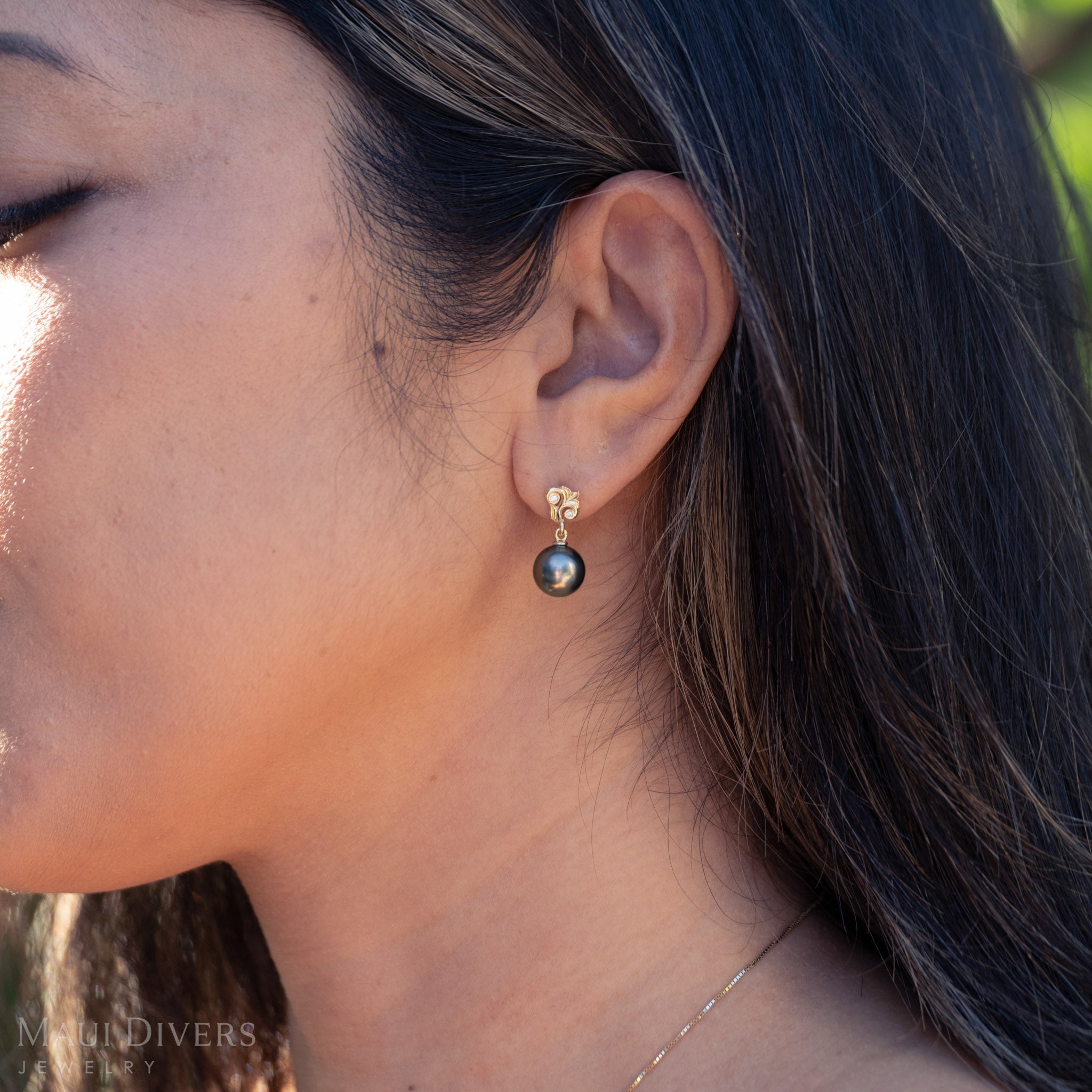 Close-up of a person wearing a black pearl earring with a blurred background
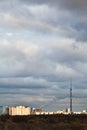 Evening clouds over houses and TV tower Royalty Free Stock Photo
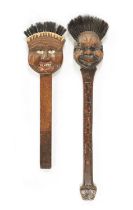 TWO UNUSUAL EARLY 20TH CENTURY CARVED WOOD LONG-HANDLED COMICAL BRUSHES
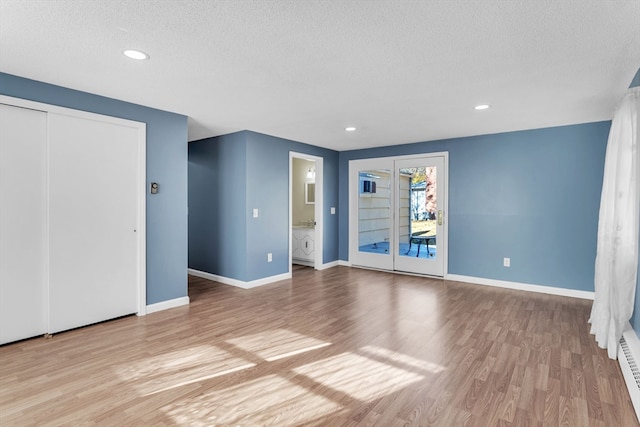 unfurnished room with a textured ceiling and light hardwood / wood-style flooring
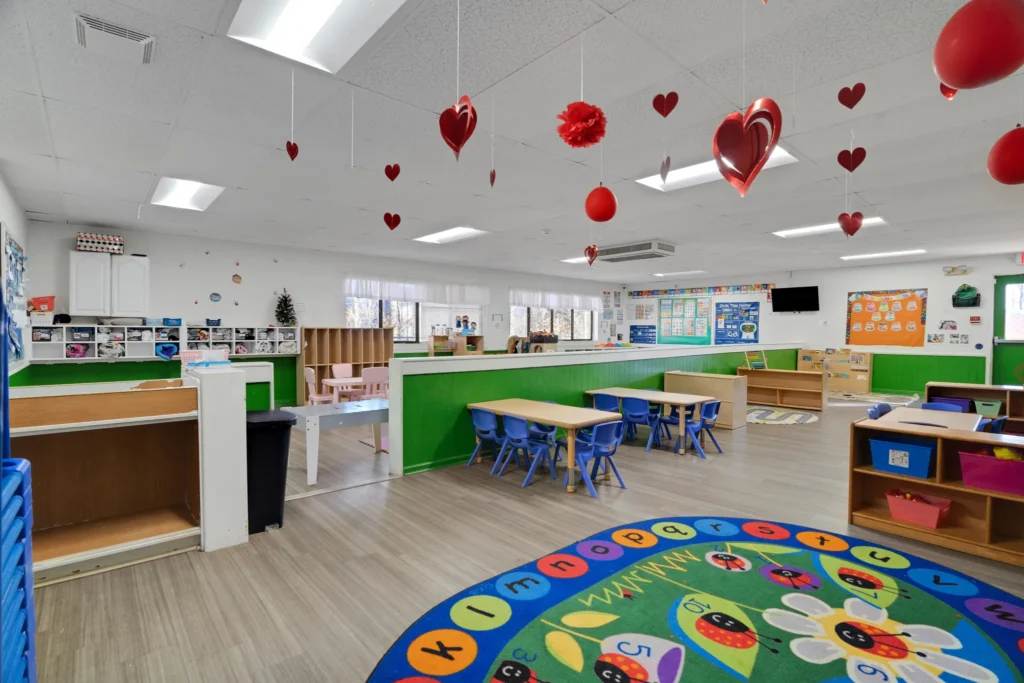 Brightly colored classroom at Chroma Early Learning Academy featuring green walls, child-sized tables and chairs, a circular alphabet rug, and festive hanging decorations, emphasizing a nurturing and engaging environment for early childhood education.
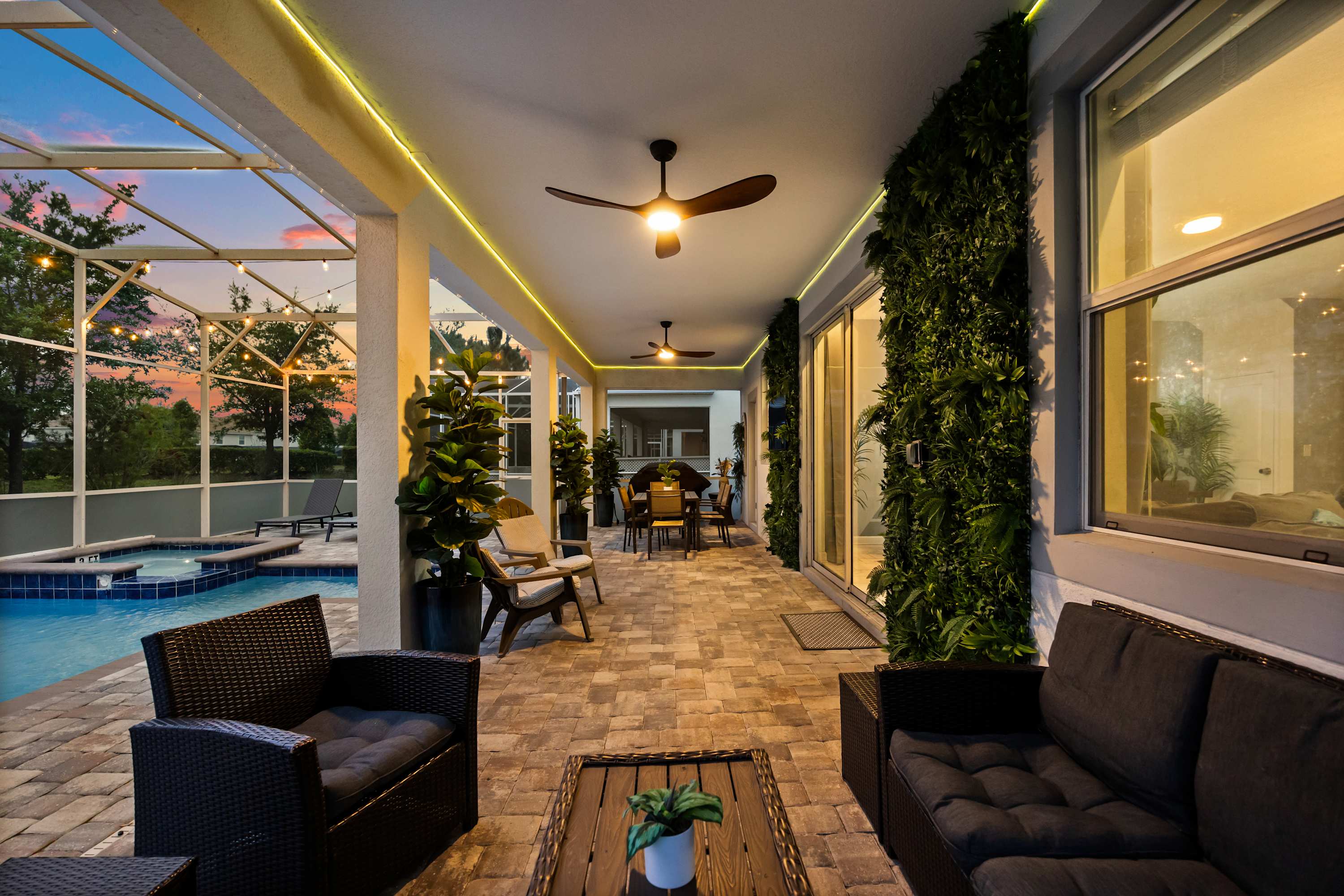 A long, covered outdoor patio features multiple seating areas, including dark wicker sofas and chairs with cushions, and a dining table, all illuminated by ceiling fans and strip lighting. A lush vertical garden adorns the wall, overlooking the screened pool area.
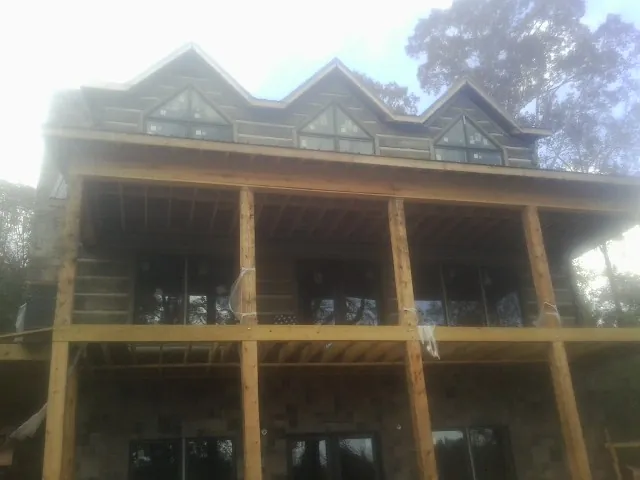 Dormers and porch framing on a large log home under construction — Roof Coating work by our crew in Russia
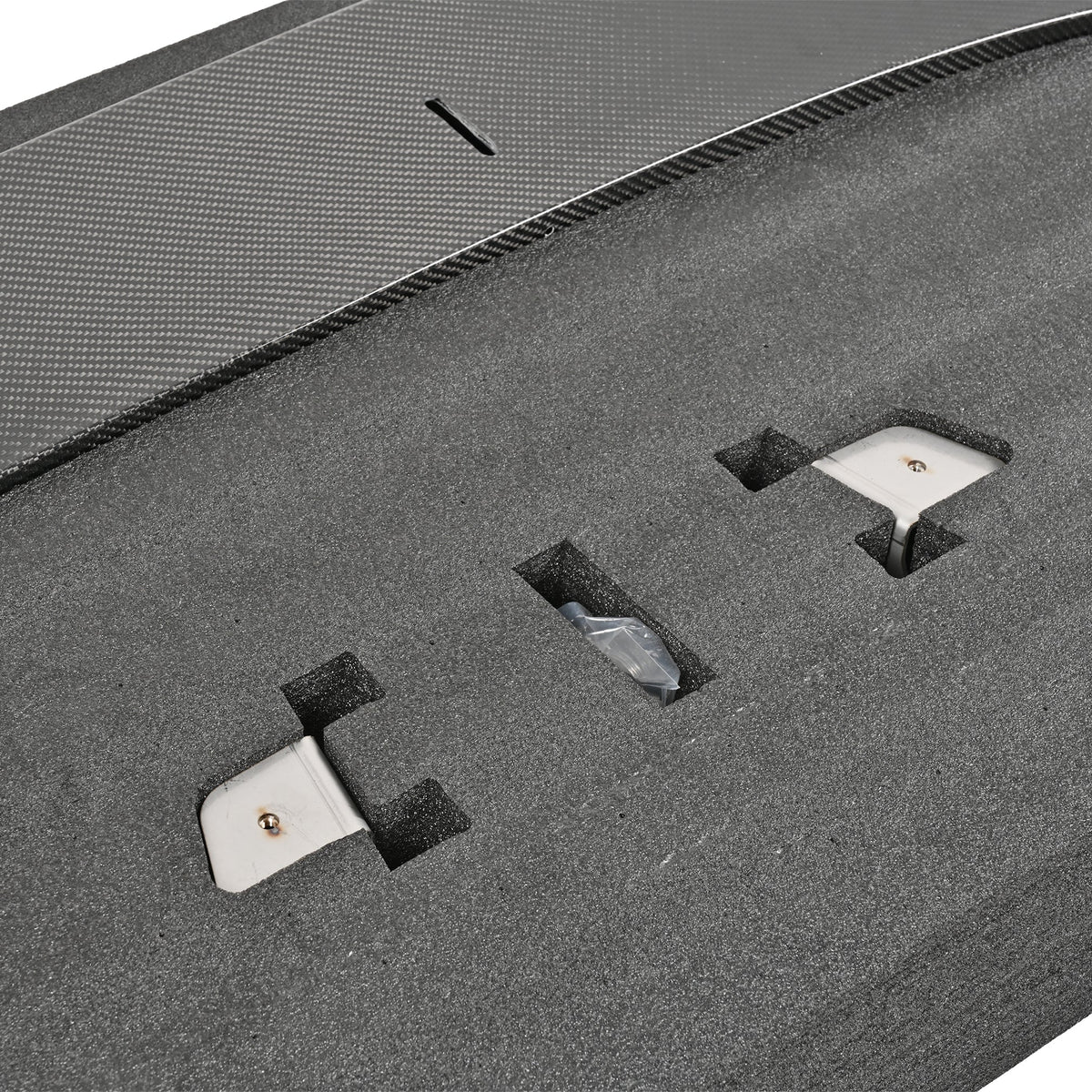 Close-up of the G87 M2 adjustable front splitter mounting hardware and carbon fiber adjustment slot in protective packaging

====

## Task
What is needed is an exact transcription of the lines from the one containing "A long, covered" through the last line of the records above, both included, with no pictures.

## Response area
 A long, covered outdoor patio features multiple seating areas, including dark wicker sofas and chairs with cushions, and a dining table, all illuminated by ceiling fans and strip lighting. A lush vertical garden adorns the wall, overlooking the screened pool area.
 Dormers and porch framing on a large log home under construction — Roof Coating work by our crew in Russia
 Close-up of the G87 M2 adjustable front splitter mounting hardware and carbon fiber adjustment slot in protective packaging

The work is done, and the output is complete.